Playoff picture looks like, top two … and then who?

Rob Oller
FILE - In this Jan. 1, 2018, file photo, Alabama head coach Nick Saban, left, and Clemson head coach Dabo Swinney talk before the Sugar Bowl semifinal playoff game for the NCAA college football national championship in New Orleans. Swinney and the Tigers play in their third national championship game in four seasons next Monday, Jan. 7, 2019, against top-ranked Alabama. (AP Photo/Gerald Herbert, File)

With Urban Meyer taking his talents to Venice Beach or thereabouts as a Fox Sports studio host, the trio of college football’s best coaches is now a duo.

Nick Saban and Dabo Swinney, come on down.

I rank the Alabama and Clemson coaches 1 and 1A, with Saban getting the top nod because of his six national championship rings to Swinney’s two. Saban also won titles at two schools: Bama and LSU, which is a rarity. Just ask Urban.

>> Read more: Previewing Ohio State's season

Saban and Swinney both are characters, though vastly different in their approach. At least publicly. Dabo is football’s aw-shucks John the Baptist, openly sharing his faith, which attracts a certain type of recruit — quarterback Trevor Lawrence, like Swinney, is a billboard born-again Christian — and oozing a downhome Southern charm.

Saban is known in circles outside Tuscaloosa as Nicky Satan. I’m not sure if the nickname came about based on his general demeanor — there is more acid in Saban’s stare than in the cans of Diet Coke he consumes daily — or if opponents have had a devil of a time dealing with him.

Get the news delivered to your inbox: Sign up for our BuckeyeXtra newsletter

In reality, the two men are tough nuts with tender trappings; it’s just that Swinney’s soft spot is external and Saban’s internal. But if you want to see another side of Swinney, much darker, read Will Leitch’s profile of the Clemson coach in August’s New York magazine.

Titled “College Football’s Real Evil Villain,” the piece takes Swinney to task for, among other things, choosing not to give quarterback Kelly Bryant — who started four games for the Tigers last season — a national championship ring after the QB transferred to Missouri.

My take? The great ones usually have some SOB in them. Saban does. Meyer does. Woody did. Dabo has enough.

Saban is the most interesting of that crew. He comes off unrelentingly stern, but listen closely and you see why he is a master recruiter. Few coaches can spin a yarn without coming off overly oddball (Mike Leach), sappy (Mike Gundy) or polished (James Franklin).

It’s not often you see the Saban behind the curtain, but Maryland coach Mike Locksley gave a glimpse last month during Big Ten media days in Chicago when he shared what it was like to work for him the past three seasons.

“It starts with consistency, with how he communicates his message,” Locksley said. “It’s clear and very concise. He’s very demanding, which I have no problem with. It was the best three years of my coaching career.”

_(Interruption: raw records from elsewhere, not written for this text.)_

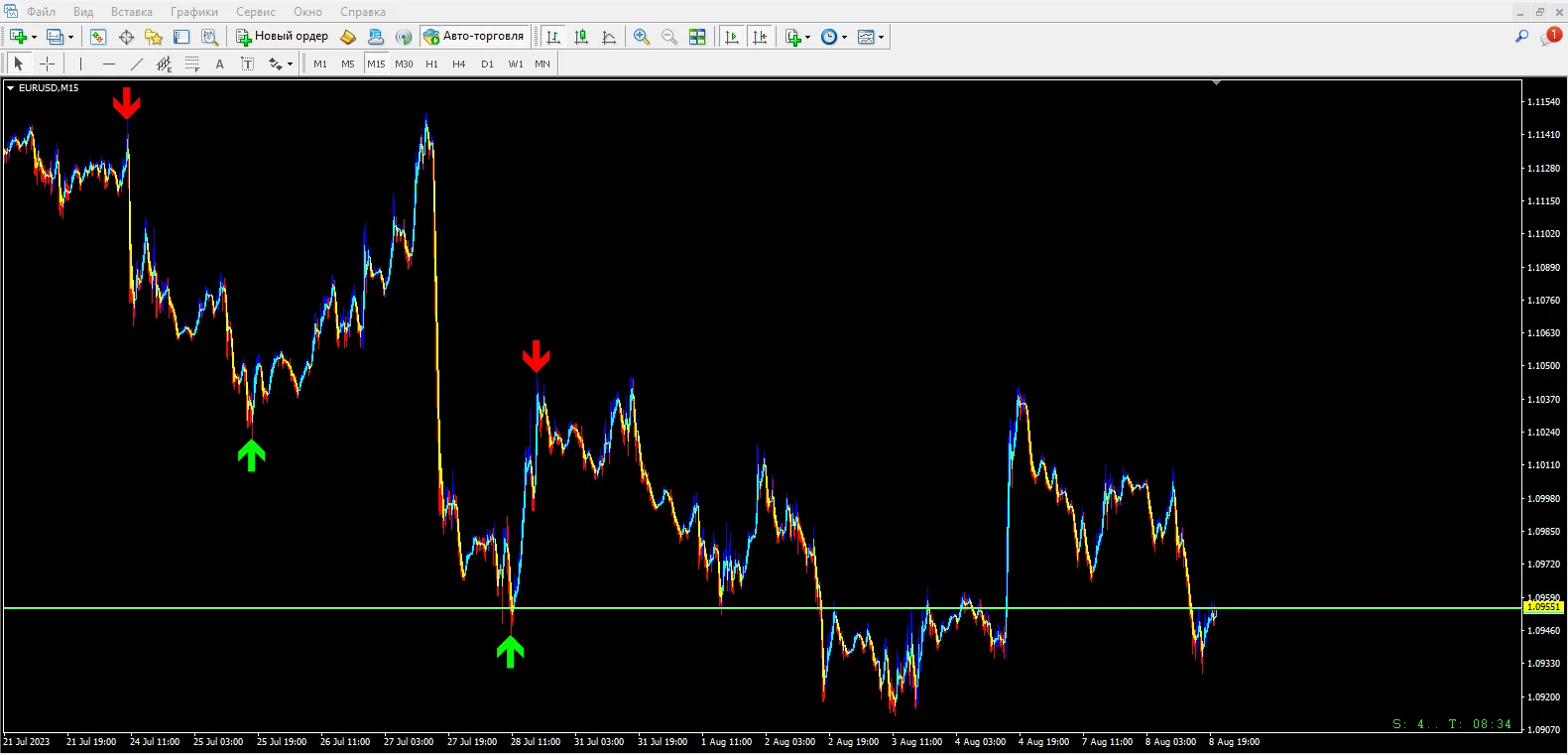 Gold Lot
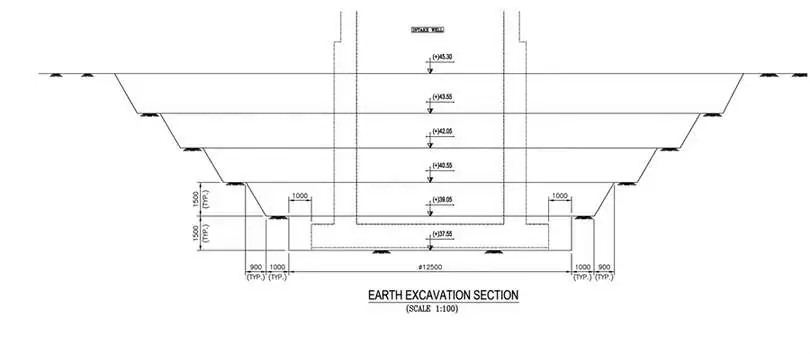 Earth Excavation section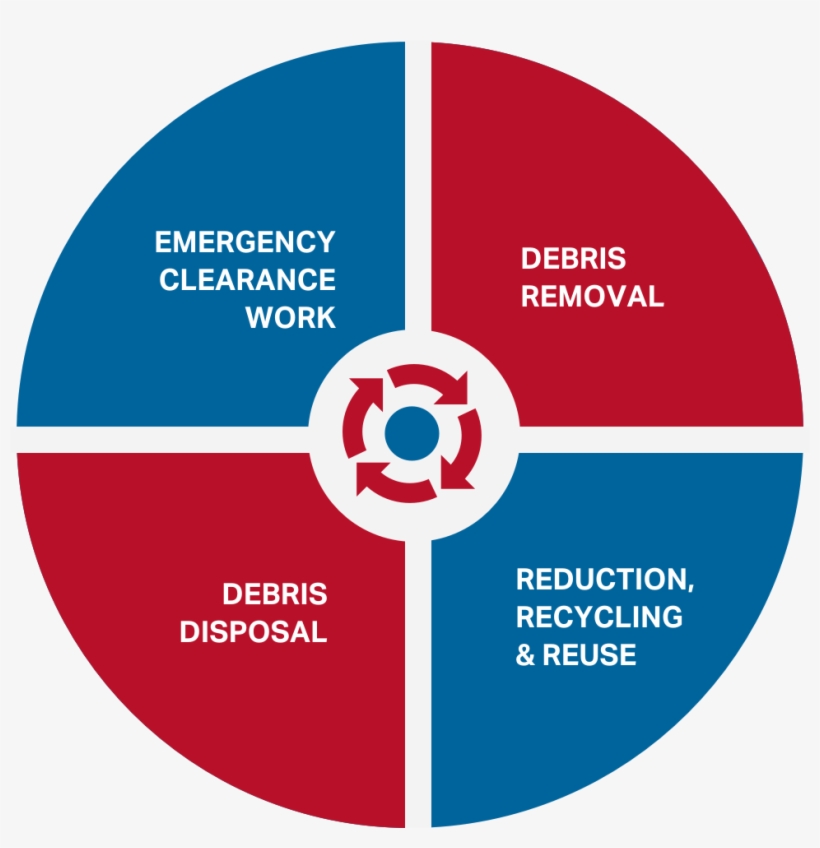 Fema Debris - Circle, transparent png #1022016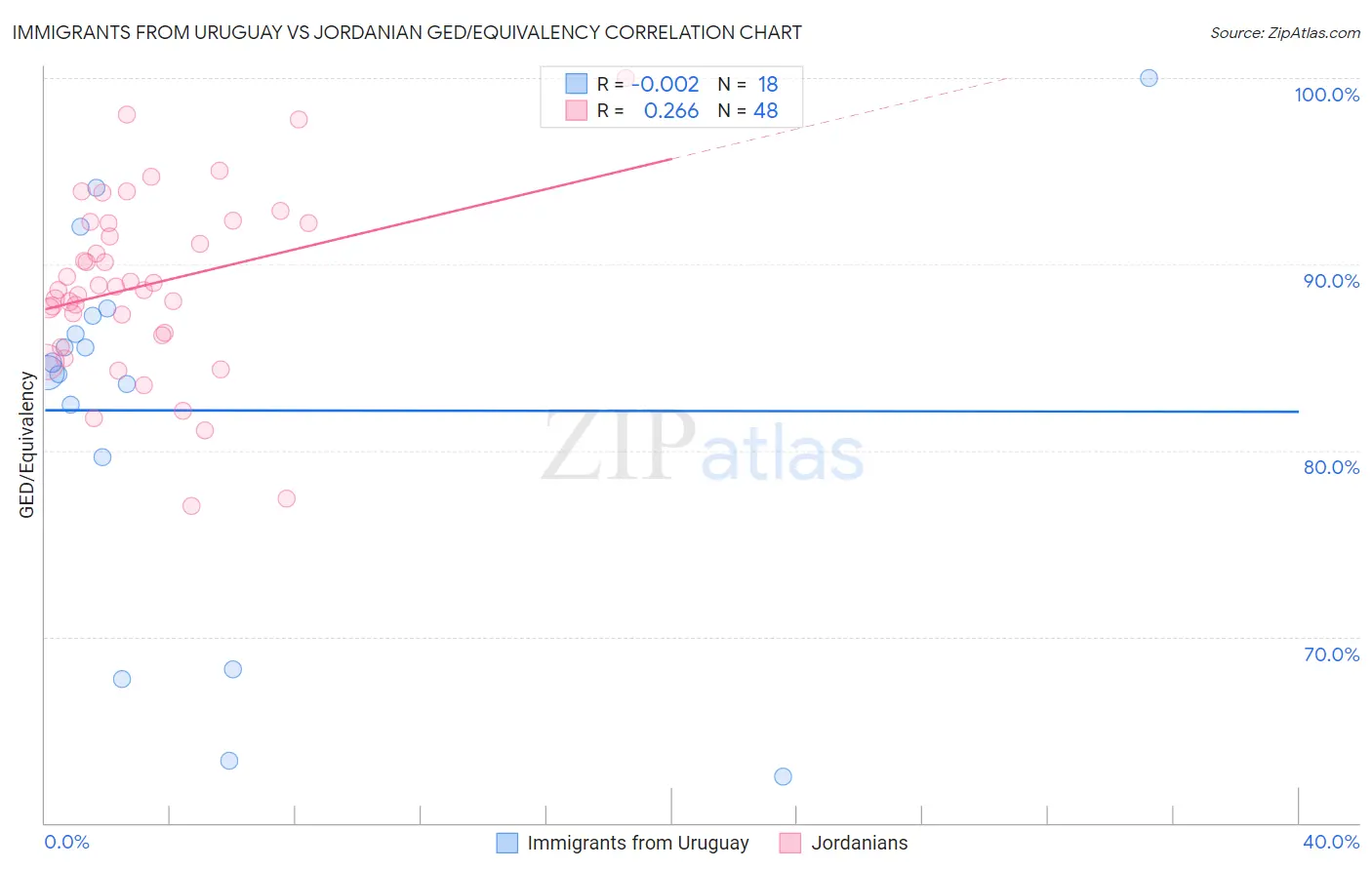 Immigrants from Uruguay vs Jordanian GED/Equivalency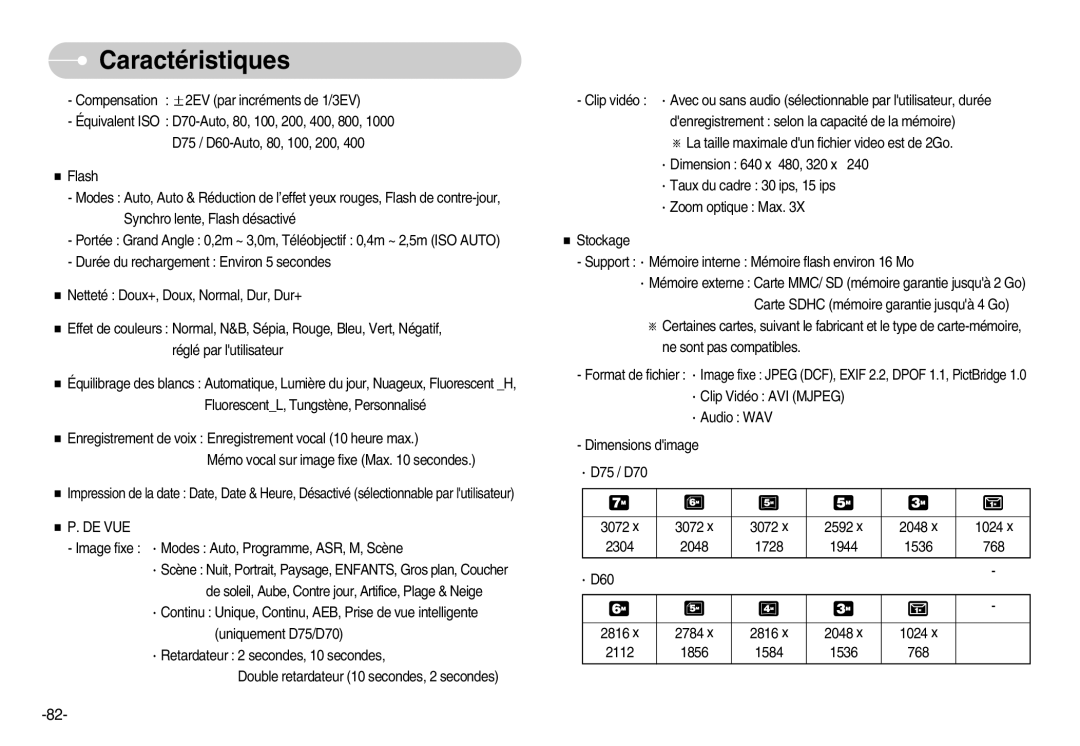 Samsung EC-D60ZZSFM/E1 Compensation 2EV par incréments de 1/3EV, De Vue, Image fixe Modes Auto, Programme, ASR, M, Scène 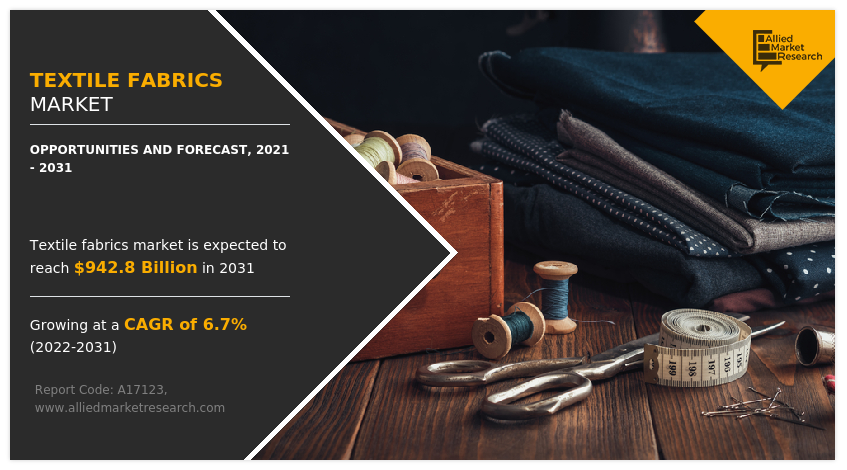 Textile Fabrics Market Report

Another key to Alabama’s success?

“I witnessed great players come there and humble themselves, put individual goals aside for the team,” Locksley said. “Nick has this ability to get guys to come there who have had their butts kissed since the eighth grade. And they end up being unselfish.”

A chicken-or-egg question: Do teams win because of great coaching, or do winning teams create great coaches? At the college level, I vote the former. Remember that the coach deserves credit for recruiting the talent.

With that in mind, instead of the usual method of ranking teams based on roster talent, my four playoff picks are based on coaching results.

1. Saban/Alabama. It’s trendy to put Swinney ahead of Saban, but not until he wins at least one more national title. Saban is 2-2 against Swinney, but 237-63-1 (.789) in a 23-year career that includes stints at Toledo, Michigan State, LSU and Bama. He has taken the Tide to the College Football Playoff all five years it has been in existence.

2. Swinney/Clemson. Swinney is 116-30 (.795) with two national titles in four trips to the playoff. It took Saban 10 years before winning his first national championship. Swinney has won two in 11 years with the Tigers.

3. Lincoln Riley/Oklahoma. Riley took over for Bob Stoops in 2017 and led the Sooners to the playoff his first two seasons. Riley, who worked under Stoops and also under Leach at Texas Tech, has been so successful at Oklahoma (24-4) that he was a template for Ohio State athletic director Gene Smith in plotting the succession plan from Meyer to Ryan Day.

4. A tough one. Something tells me Ohio State will make a strong push for the playoff, but based on coaching record I can’t pull that trigger. Day is too much of an unknown to place him and the Buckeyes ahead of … Chris Petersen/Washington.

Again, my rankings are based on the coach more than the program, and Petersen’s 139-33 (.808) record is better than anyone not named Riley who has at least two full seasons of experience and a legitimate shot at the playoff.

Saban, Swinney, Riley and Petersen. Sounds right to me. What say you?